Erano le quattro del mattino e in quella squallida stanza della Questura l’interrogatorio durava ormai da una decina di ore. Stanchezza, ma soprattutto tensione. “Stronzo, vedi di non farmi perdere la pazienza, se no ti pesto come un tamburo. Ci sono almeno quattro testimoni che affermano di averti visto ammazzare il morto. Che mi dici?”
Di fatto, ad essere nei guai, stravolto, era l’inquirente, perché tutti concordavano nell’accusa, ma manco per il cazzo che ci fosse un versione coerente: “L’ho visto mentre gli sparava”. “L’ho visto mentre gli vibrava una coltellata.” “L’ho visto mentre lo colpiva a martellate.” “Lo visto mentre gli trapanava il cuore con un Black&Dacker.”
“Xe gente de ostaria, gelosa”, andava ripetendo l’accusato. “El morto manco so chi l’è.”
Nel frattempo, in altre parti della città, le indagini proseguivano e giungevano altri rapporti: “M’è sembrato che gli sparasse.” “M’è sembrato che avesse un coltello.” “Sul martello sono sicuro, ma forse stava piantando un chiodo nel muro.” “Il trapano? Non mi sbaglio.”
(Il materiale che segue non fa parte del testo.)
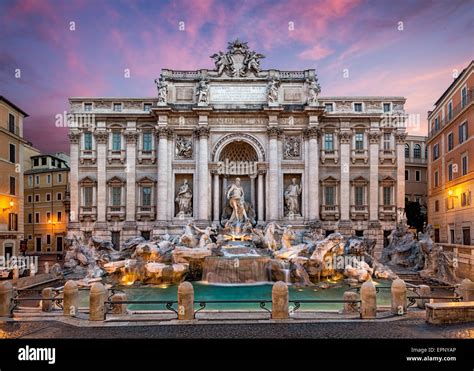 Fontana di Trevi, en ikonisk fontän med magiska önskemål och kolossal marmorprakt!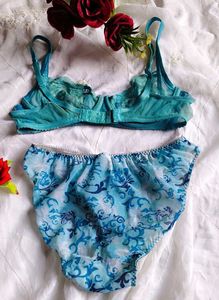 Beautiful Lace Bra and Panty Set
Cose poche incoraggianti, ma l’undicesima ora è dura per tutti.
Gregolin, allora, mi vuoi spiegare?
Va beh, lo conoscevo. Mi ha fatto girare le balle e gli ho sparato. Poi, per non far trovare il proiettile sono andata a ravanare con il coltello ma siccome era dentro l’osso ho fatto pressione col martello e poi, visto che non veniva fuori, i goo provao anca con la punta a risucchio del trapano.”